The problem: Would you transcribe the entries below, beginning at the line with "Attēls no LCD" and ending after the line with "1. Weihnachts-Weihnachtsmannmütze Weißschneejunge", exactly, with no picture and nothing more?

Provided records:
# # #
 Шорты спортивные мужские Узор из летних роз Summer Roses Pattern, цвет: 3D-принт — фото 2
# # #
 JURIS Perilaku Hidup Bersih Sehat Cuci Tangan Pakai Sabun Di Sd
# # #
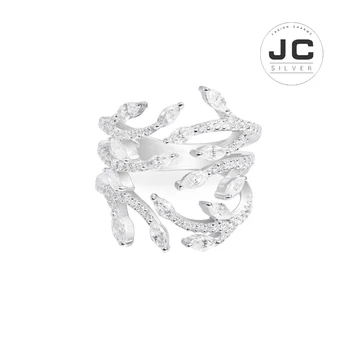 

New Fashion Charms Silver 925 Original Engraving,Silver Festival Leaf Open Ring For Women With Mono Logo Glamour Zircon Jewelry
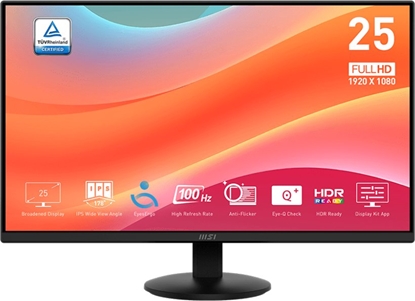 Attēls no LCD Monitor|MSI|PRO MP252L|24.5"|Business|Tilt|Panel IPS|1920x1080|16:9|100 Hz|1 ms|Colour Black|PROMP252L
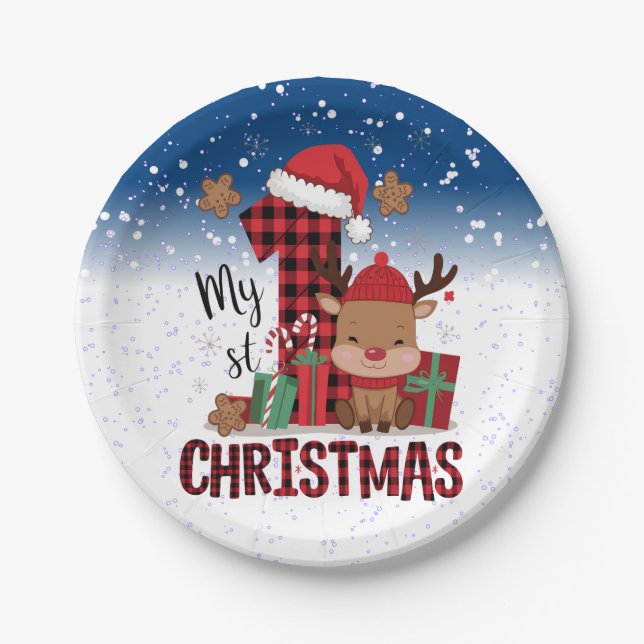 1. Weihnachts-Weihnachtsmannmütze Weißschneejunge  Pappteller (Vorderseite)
# # #
Response to this task:
 Attēls no LCD Monitor|MSI|PRO MP252L|24.5"|Business|Tilt|Panel IPS|1920x1080|16:9|100 Hz|1 ms|Colour Black|PROMP252L
 1. Weihnachts-Weihnachtsmannmütze Weißschneejunge  Pappteller (Vorderseite)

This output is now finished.